Pour Le Point d’Algérie.
A.Chouabnia
A la veille de déboucher sur une mouture de la part de la commission paritaire, rien ne présage un dénouement de la crise politique que connait le gouvernement français, depuis les débats consacrés à cette fameuse loi sur l’immigration, qui ont connu un total échec par manque de cohésion, j’allais dire par des surenchères démagogiques des partis d’opposition, où la droite a brillé par son aspect réactionnaire en argumentant un indu privilège accordé aux Algériens.
Qu’en est-il au fait ?ou bien quelles sont les clauses de L’accord Algéro-Français du 27 Décembre 1968 ?
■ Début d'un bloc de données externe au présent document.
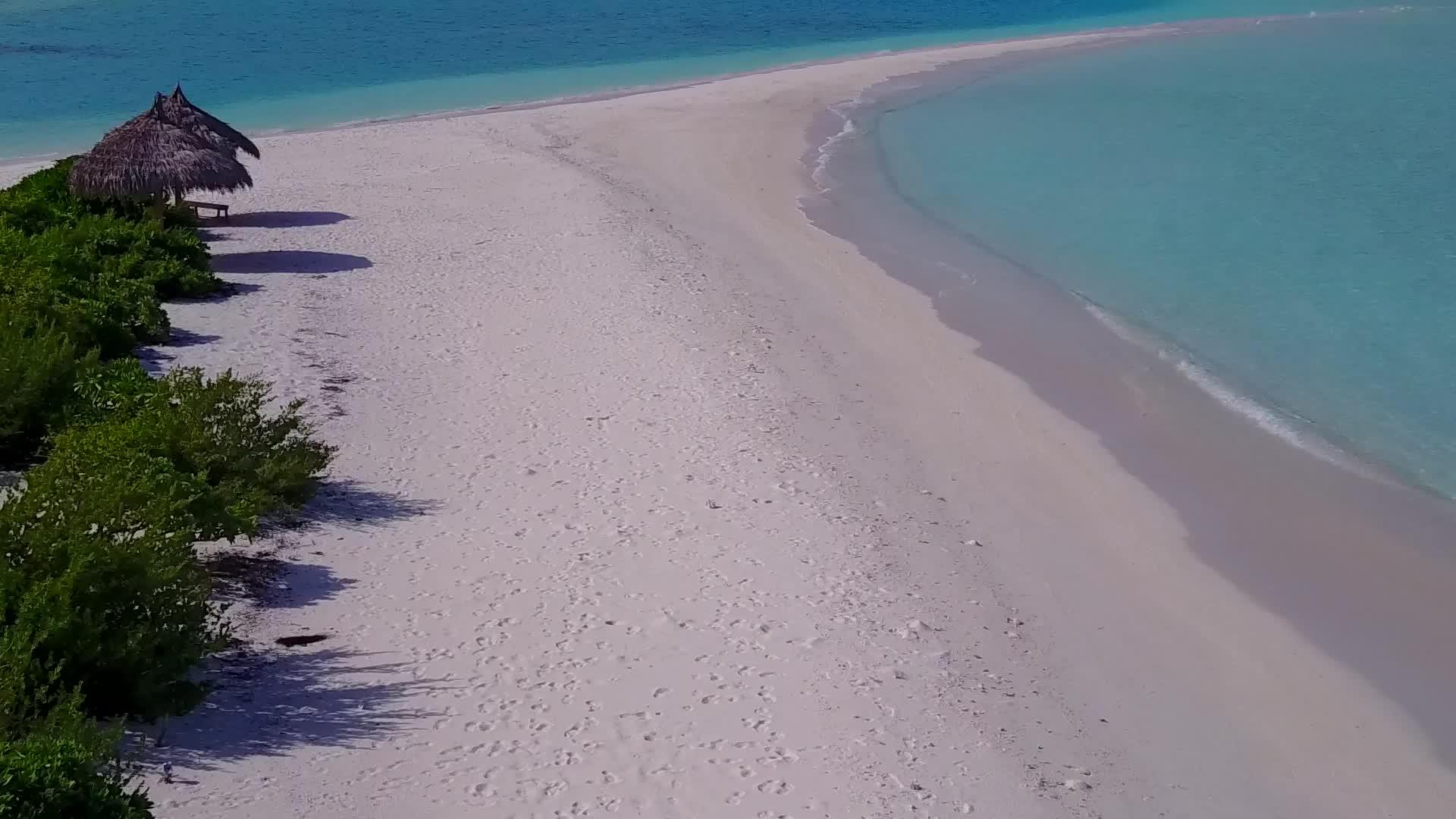 白沙背景绿松石水美丽海景海滩航行无人机空中海景视频的预览图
Un accord conclu entre le gouvernement de la République française et le gouvernement de la république Algérienne démocratique et populaire, permettant de saisir la portée économique et sociale, soucieux d’apporter des solutions relatives la circulation, à l’emploi et au séjour des travailleurs Algériens et de leurs familles.
A ces travailleurs Algériens,(aujourd’hui appelés immigrés) déjà en place et aux arrivants, ainsi qu’à leurs familles le droit d’un titre de séjour.
Interviendront alors les modifications du 2 /12/1985 et du 11/7/2000, encadrant strictement, l’octroi d’un certificat de résidence et le regroupement familial, les alignant sur les mêmes droits appliqués aux autres travailleurs.
En quoi cet accord soit visé par des attaques récurrentes, si ce n’est les nostalgiques de l’Algérie Française et une classe politique relayée par des médias aux ordres, ce qui est ,ma foi, indigne pour Etat de droit.